___ DATA PROVIDED ___
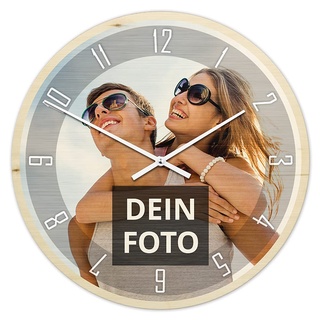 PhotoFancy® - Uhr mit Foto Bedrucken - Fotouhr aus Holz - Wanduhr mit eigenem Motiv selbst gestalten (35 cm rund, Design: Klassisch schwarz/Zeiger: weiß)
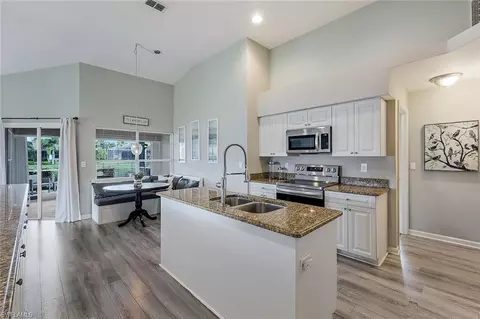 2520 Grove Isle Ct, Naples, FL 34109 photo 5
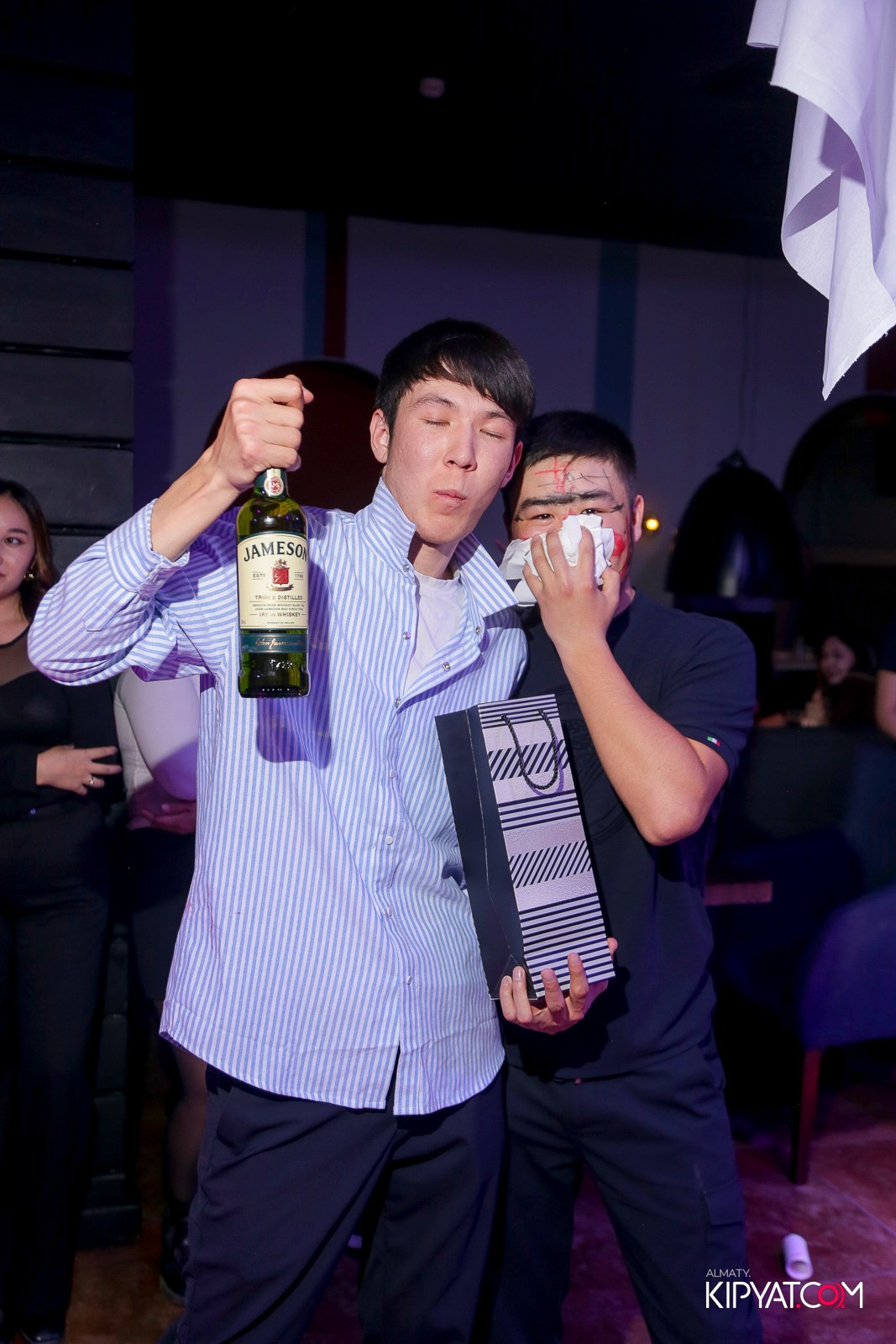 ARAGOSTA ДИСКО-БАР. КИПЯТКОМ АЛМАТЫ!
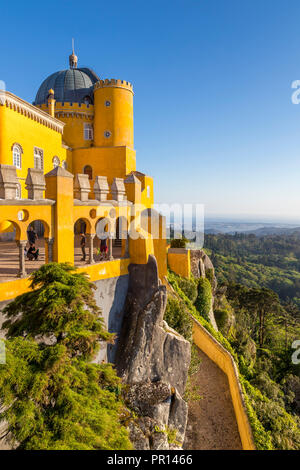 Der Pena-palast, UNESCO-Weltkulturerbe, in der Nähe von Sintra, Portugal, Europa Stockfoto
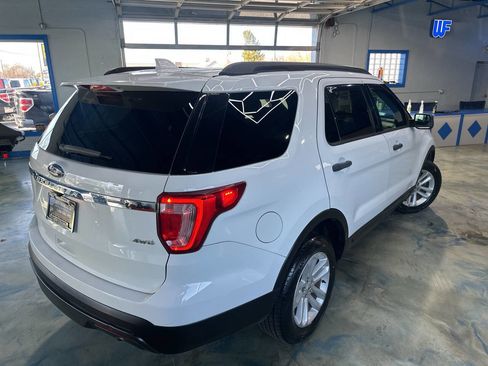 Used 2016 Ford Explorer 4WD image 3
___
# [PROBLEM TO SOLVE]
Every record above must be given again exactly; drop the pictures.

# [EXPECTED OUTPUT]
 PhotoFancy® - Uhr mit Foto Bedrucken - Fotouhr aus Holz - Wanduhr mit eigenem Motiv selbst gestalten (35 cm rund, Design: Klassisch schwarz/Zeiger: weiß)
 2520 Grove Isle Ct, Naples, FL 34109 photo 5
 ARAGOSTA ДИСКО-БАР. КИПЯТКОМ АЛМАТЫ!
 Der Pena-palast, UNESCO-Weltkulturerbe, in der Nähe von Sintra, Portugal, Europa Stockfoto
 Used 2016 Ford Explorer 4WD image 3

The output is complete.